Hi all! If I’m not wrong this function has no splitting of long chunks, and no logic for “splitting at the middle or specific markers.”, besides having it in description. (Chunking lab)
def mixed_chunking(source_text):
“”"
Splits the given source_text into chunks using a mix of fixed-size and variable-size chunking.

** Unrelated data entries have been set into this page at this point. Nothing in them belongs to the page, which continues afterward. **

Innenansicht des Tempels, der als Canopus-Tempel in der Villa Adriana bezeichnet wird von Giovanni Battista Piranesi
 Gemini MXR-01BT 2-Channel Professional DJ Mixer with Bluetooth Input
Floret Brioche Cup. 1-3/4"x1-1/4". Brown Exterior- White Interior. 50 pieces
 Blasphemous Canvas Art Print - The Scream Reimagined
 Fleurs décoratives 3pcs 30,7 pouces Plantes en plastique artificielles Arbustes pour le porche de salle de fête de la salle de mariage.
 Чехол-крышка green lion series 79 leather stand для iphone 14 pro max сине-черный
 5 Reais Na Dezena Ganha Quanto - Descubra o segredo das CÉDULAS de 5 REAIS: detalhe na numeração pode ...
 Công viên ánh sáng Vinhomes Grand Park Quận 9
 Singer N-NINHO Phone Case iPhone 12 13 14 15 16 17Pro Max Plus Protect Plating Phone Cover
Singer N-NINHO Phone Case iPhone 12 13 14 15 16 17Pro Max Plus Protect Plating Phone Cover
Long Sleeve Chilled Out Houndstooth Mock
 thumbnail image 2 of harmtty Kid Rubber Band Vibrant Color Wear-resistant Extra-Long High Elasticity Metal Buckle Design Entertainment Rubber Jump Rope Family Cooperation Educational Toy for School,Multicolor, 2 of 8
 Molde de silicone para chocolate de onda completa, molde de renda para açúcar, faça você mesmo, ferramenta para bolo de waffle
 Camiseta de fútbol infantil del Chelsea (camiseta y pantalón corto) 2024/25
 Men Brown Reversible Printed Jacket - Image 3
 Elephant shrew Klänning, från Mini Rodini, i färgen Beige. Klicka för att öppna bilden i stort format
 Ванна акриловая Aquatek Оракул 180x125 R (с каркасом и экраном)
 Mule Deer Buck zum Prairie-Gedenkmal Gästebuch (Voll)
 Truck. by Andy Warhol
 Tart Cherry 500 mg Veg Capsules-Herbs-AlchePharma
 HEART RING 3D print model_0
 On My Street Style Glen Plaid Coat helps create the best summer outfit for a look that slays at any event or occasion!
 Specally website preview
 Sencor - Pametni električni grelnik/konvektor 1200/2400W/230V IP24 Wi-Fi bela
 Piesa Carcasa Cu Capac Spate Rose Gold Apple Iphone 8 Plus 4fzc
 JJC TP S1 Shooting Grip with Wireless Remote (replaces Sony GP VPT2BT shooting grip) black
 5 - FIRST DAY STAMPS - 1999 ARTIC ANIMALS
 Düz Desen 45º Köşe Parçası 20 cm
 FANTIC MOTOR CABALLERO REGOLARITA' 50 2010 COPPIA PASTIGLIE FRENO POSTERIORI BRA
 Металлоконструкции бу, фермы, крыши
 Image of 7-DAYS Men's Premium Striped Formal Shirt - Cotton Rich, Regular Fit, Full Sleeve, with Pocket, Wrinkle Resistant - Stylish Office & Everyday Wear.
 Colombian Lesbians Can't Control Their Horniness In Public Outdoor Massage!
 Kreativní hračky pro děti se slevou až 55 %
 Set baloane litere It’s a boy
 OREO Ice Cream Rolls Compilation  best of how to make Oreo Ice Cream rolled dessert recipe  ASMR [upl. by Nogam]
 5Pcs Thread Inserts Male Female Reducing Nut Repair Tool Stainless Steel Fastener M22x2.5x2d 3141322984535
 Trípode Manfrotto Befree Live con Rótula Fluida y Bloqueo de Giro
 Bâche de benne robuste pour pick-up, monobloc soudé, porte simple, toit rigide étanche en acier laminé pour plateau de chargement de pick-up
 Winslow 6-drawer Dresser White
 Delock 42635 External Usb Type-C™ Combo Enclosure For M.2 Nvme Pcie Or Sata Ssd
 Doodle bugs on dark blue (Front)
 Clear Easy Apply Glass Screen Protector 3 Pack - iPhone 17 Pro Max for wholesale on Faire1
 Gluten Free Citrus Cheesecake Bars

It first splits the text by Asciidoc markers and then processes the chunks to ensure they are
of appropriate size. Smaller chunks are merged with the next chunk, and larger chunks can be
further split at the middle or specific markers within the chunk.
Args:
- source_text (str): The text to be chunked.
Returns:
- list: A list of text chunks.
"""
# Split the text by Asciidoc marker
chunks = source_text.split("\n==")
# Chunking logic
new_chunks = []
chunk_buffer = ""
min_length = 25
for chunk in chunks:
new_buffer = chunk_buffer + chunk # Create new buffer
new_buffer_words = new_buffer.split(" ") # Split into words
if len(new_buffer_words) < min_length: # Check whether buffer length is too small
chunk_buffer = new_buffer # Carry over to the next chunk
else:
new_chunks.append(new_buffer) # Add to chunks
chunk_buffer = ""
if len(chunk_buffer) > 0:
new_chunks.append(chunk_buffer) # Add last chunk, if necessary
return new_chunks